En Justice for Animals: Our Collective Responsibility (2023), Nussbaum propone tres “emociones éticas”. Además de la “compasión” y la “ira proactiva [Transition-Anger]”, el rol del “asombro” es decisivo, pues reconoce un valor que merece ser respetado y custodiado. Sentirnos asombrados por el prodigio de la vida en todas sus variantes es el disparador del reconocimiento, que funda la consecuente obligación. Por la compasión sentimos (y percibimos) que el daño al ambiente o el maltrato frustra el despliegue de capacidades que nos maravillan: sociabilidad, imaginación, memoria, cuidado de la prole, capacidad de aprender y de enseñar, comunicación y transmisión de conocimientos; la capacidad de jugar. La ira a secas es una emoción estéril. Y si bien el enojo es la reacción natural ante un agravio (cuando exclamamos: ¡esto es injusto!), la ira proactiva es una emoción diligente que tiende al futuro, con la intención de cambiarlo.

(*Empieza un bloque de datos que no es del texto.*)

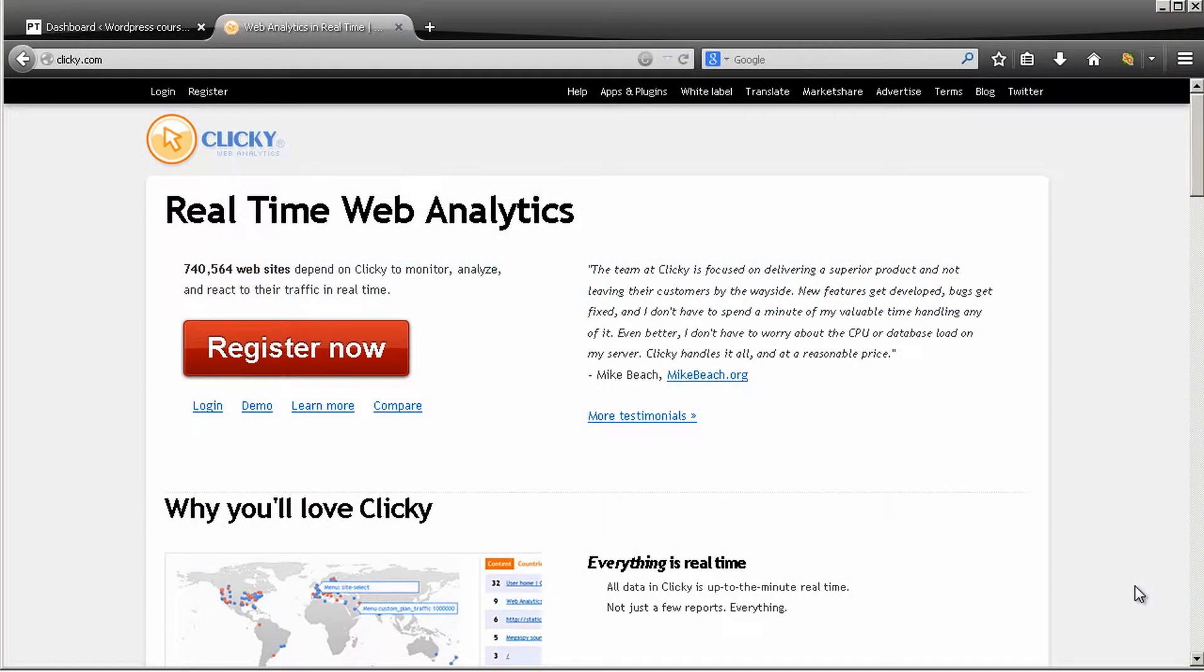Hi there, welcome to step number four of this course. At the moment we have a fantastic looking website and now we are going to add web analytics to it.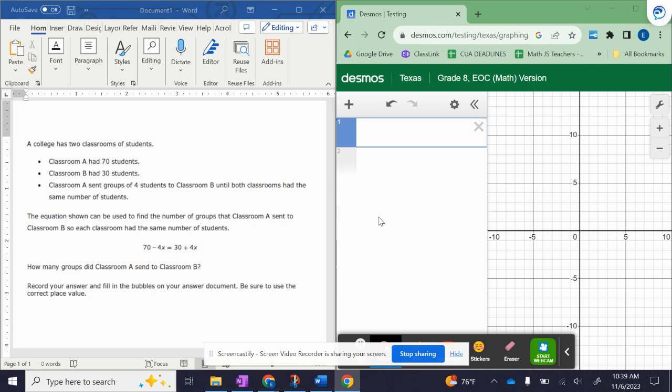Today we are going to look at how to solve an equation using graphing on the Desmos calculator. It's going to be three easy steps.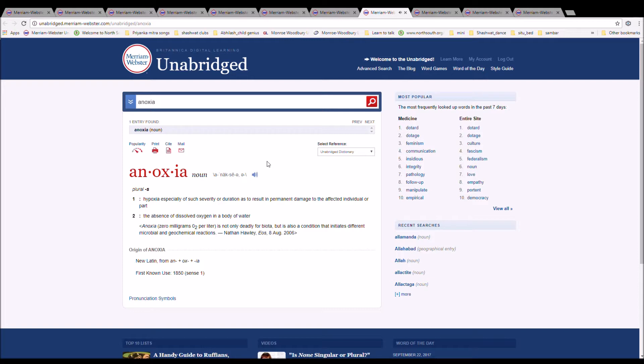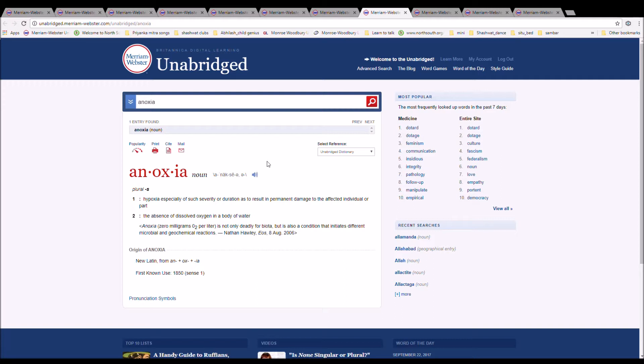Anoxia. It can only be pronounced anoxia. It is spelled A-N-O-X-I-A. It is a hypoxia, especially of such severity or duration as it results in permanent damage to the affected individual or part. It is new Latin from an plus oxia plus ia.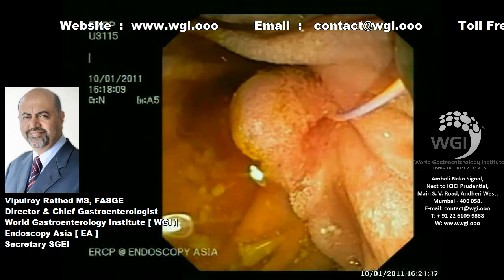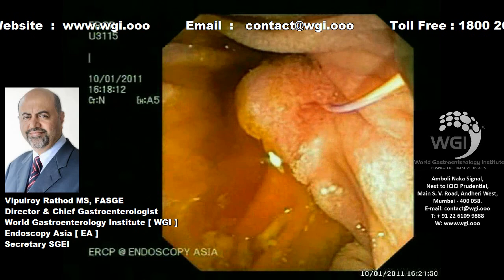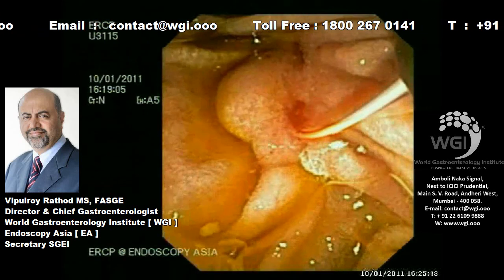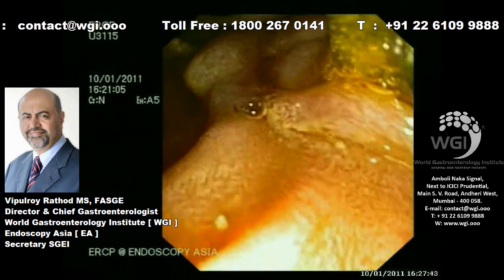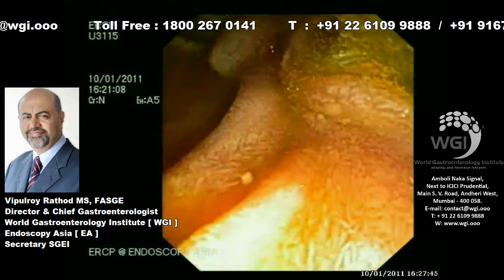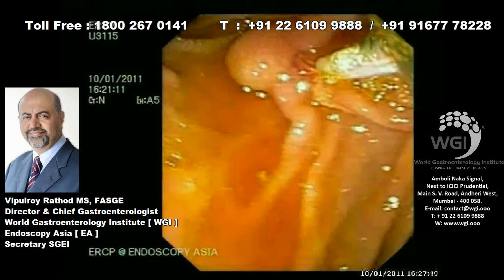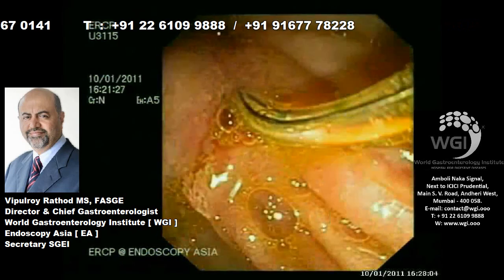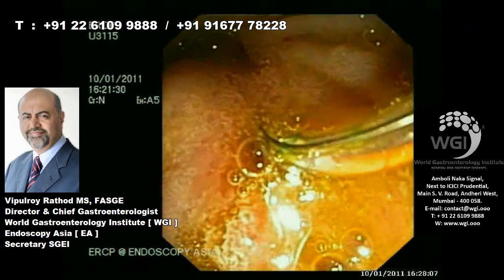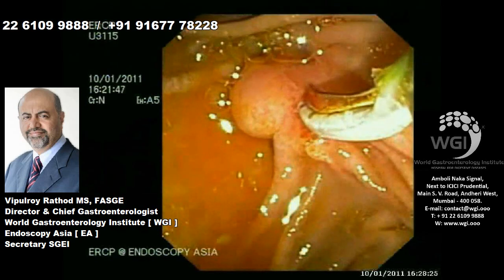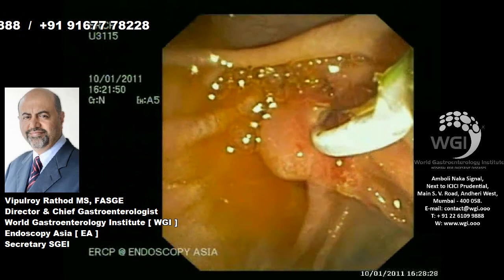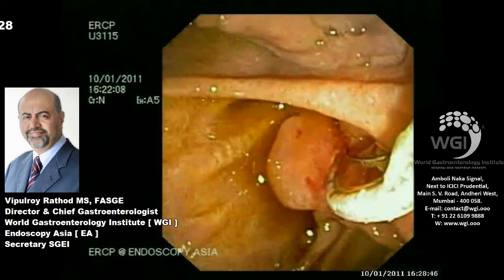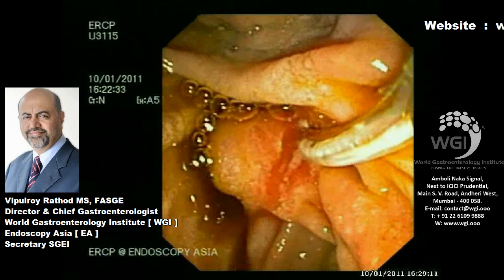At this stage, you can see that the previous endotherapy attempt was only a biliary sphincterotomy. I personally reckon that pancreatic sphincterotomy was not performed at that time. So now we are cannulating over the guide wire with a sphincterotome and performing a major papilla pancreatic sphincterotomy. There was no pancreatic sphincterotomy in the previous attempt — they likely only cannulated the bile duct and performed biliary sphincterotomy. We have now done a major papilla pancreatic sphincterotomy.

Pablo García Borboroglu, fundador de la Global Penguin Society, creó la mayor reserva de biosfera argentina y logró desviar las rutas petroleras de las costas, que constituyen el hábitat natural de los pingüinos. El investigador premiado aprendió desde niño el amor a la naturaleza y el asombro por las capacidades de los pingüinos, pues “son los grandes indicadores de la salud de los océanos”. Su impulso no fue la mera compasión, sino la admiración y el reconocimiento de valor, que merece honrarse y protegerse jurídicamente. La eficacia de Global Penguin Society yace en que Borboroglu no apeló solo a la compasión, sino a la justicia.